Appeal by paternal aunt from an order of district court which denied writ of habeas corpus and granted custody of child to child’s natural mother.
Affirmed
1. HABEAS CORPUS — Custody — Hearing — Trial Court — Determination — Child’s Interest. In combined hearing on custody action and habeas corpus proceeding, trial court is not limited to an inquiry into the legal right by which the child is held, but must determine the broad question of what will best serve the child’s interest.
2. COURTS — Jurisdiction — Custody Order — Oklahoma — Aunt — Temporary — Father and Mother — Domicile — Colorado — Custody — Mother — Proper. Where Oklahoma court granted temporary custody of two-year-old child to paternal aunt, who was a resident of Montana, at time when residence of parties was premised solely on a military assignment, and where both father and mother had returned to site of their domicile, namely, Denver, Colorado, and also, child’s natural father, mother, and grandparents were all residents of Colorado and had significant connections to Colorado, held, under these circumstances, Oklahoma had no continuing jurisdiction since custody order was temporary in nature and parties had relinquished all ties to Oklahoma; hence, ruling of trial court, which denied writ of habeas corpus and granted custody of child to child’s natural mother, was proper.
3. PARENT AND CHILD — Custody — Change of Circumstances — Best Interest — Natural Mother. In habeas corpus proceeding pertaining to custody of child, record establishes a change of circumstances and supports trial court’s determination that child’s best interest is served by placing custody in the natural mother.
Appeal from the District Court of the City and County of Denver, Honorable Robert T. Kingsley, Judge.
Robert W. Caddes, for petitioner-appellant.
Michael C. Schaefer, for respondent-appellee.
Page 512
En Banc.
MR. JUSTICE ERICKSON delivered the opinion of the Court.
This custody case was first before us in an original proceeding. In the Matter of the Application of Jean Nelson on Behalf of Michael John Schweitzer, a Minor v. District Court in and for the Second Judicial District; Honorable Robert T. Kingsley, One of the Judges, 186 Colo. 381, 527 P.2d 811 (1974). We remanded the case to the trial court to hear the habeas corpus petition without delay and to resolve the custody issue at the same time.
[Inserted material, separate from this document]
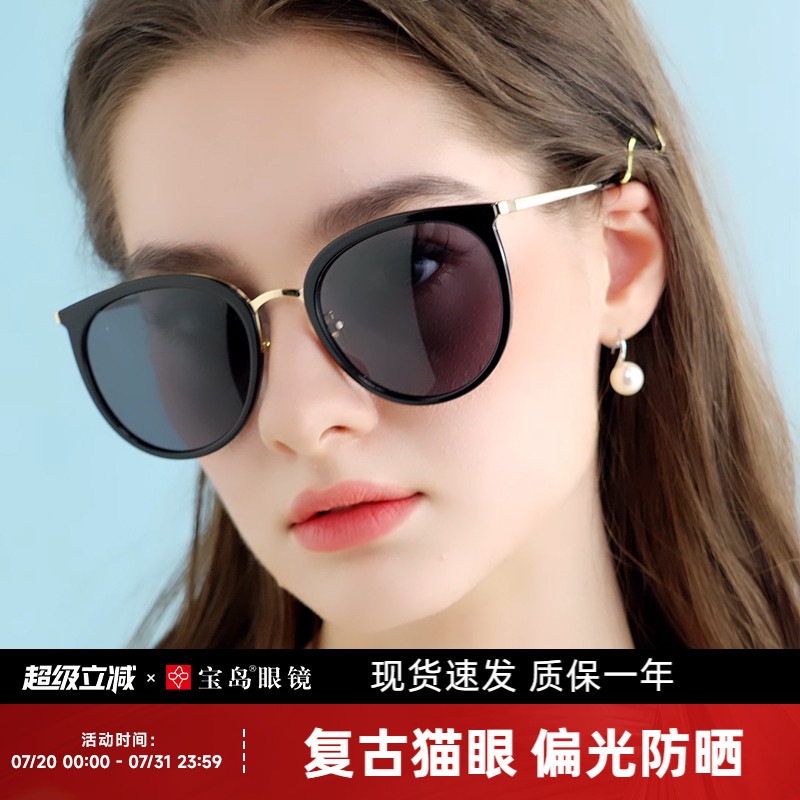目戏女式高级感墨镜UV400防晒防紫外线太阳镜女偏光太阳眼镜宝岛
The trial court resolved both issues and entered an order granting custody of Michael John Schweitzer, a two-year-old boy, to the mother, Denise Schweitzer. The custody award is challenged on this appeal. In addition, the appellant contends that the habeas corpus petition was improperly dismissed. We affirm.
[1] On remand, the trial court, in accordance with our instructions, called for a combined hearing on the custody action and the habeas corpus proceeding without undue delay. As we stated in our previous opinion: ” ‘[T]he court is by no means limited to an inquiry into the legal right by which the child is held, but must determine the broad question of what will best serve the child’s interest.’ ” In re Jean Nelson v. District Court, supra.
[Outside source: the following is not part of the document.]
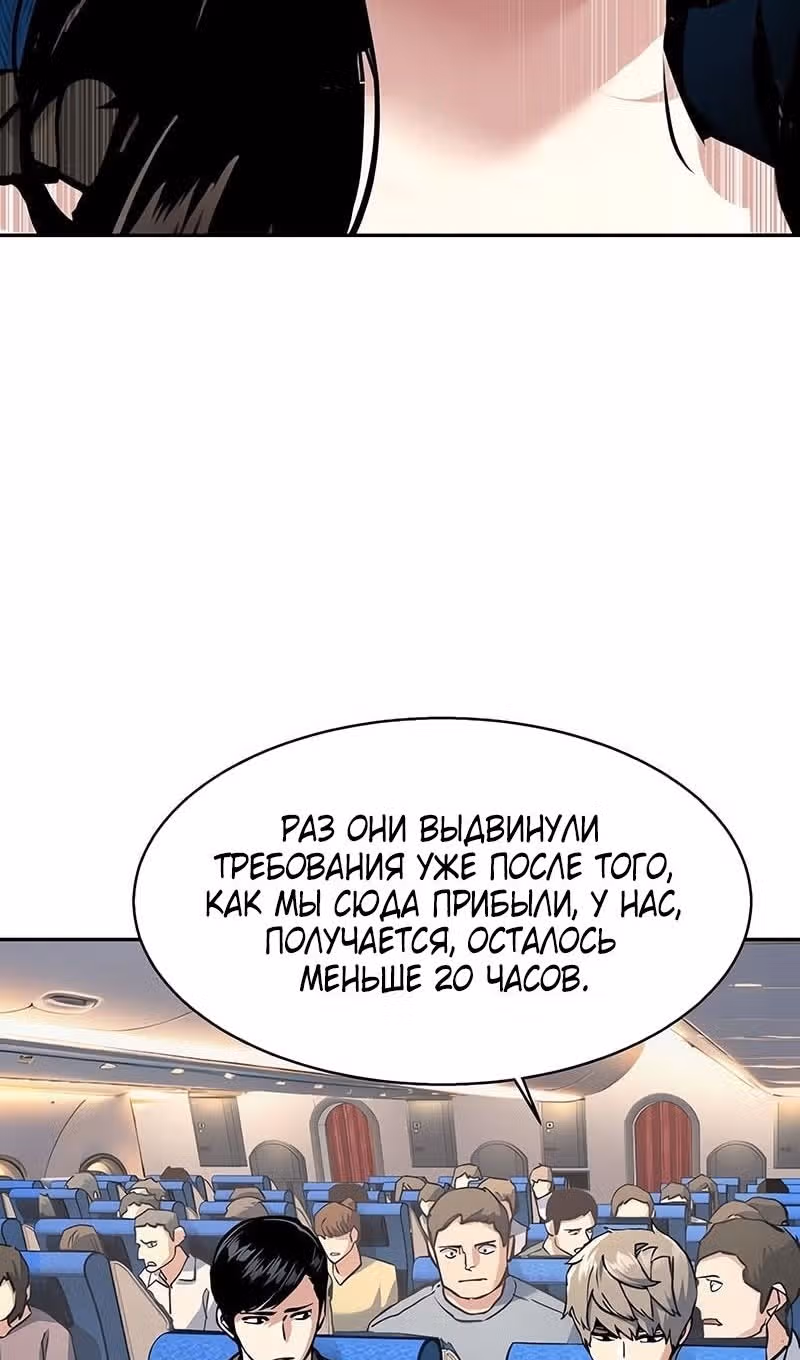 Прирожденный наёмник — Том 1 · Глава 241, страница 51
[2] We have previously affirmed the propriety of the trial court’s jurisdiction in this custody proceeding. The trial court, on remand, has ruled that custody should be awarded to the child’s natural mother. Evidence appears in the record to support the trial court’s determination. Oklahoma, which originally granted temporary custody to the petitioner, a paternal aunt, has lost jurisdiction in this case, since the residence of the parties was premised solely on a military assignment, and both the father and the mother have returned to the site of their domicile — Denver, Colorado. The child’s natural father, mother, and grandparents are all residents of Colorado and have significant connections to Colorado. Oklahoma has no continuing jurisdiction, since the custody order was temporary in nature, and the parties have relinquished all ties to Oklahoma. The petitioner, who seeks custody, is a resident of the State of Montana.
[3] These facts, as well as others in the record, establish a change of circumstances and support the trial court’s determination that the child’s best interest is served by placing custody in the natural mother. This award and decision was in keeping with the Uniform Child Custody Jurisdiction Act (Colo. Sess. Laws 1973, ch. 163, 46-6-1 et seq.).
Accordingly, we affirm.
Page 513
MR. CHIEF JUSTICE PRINGLE does not participate.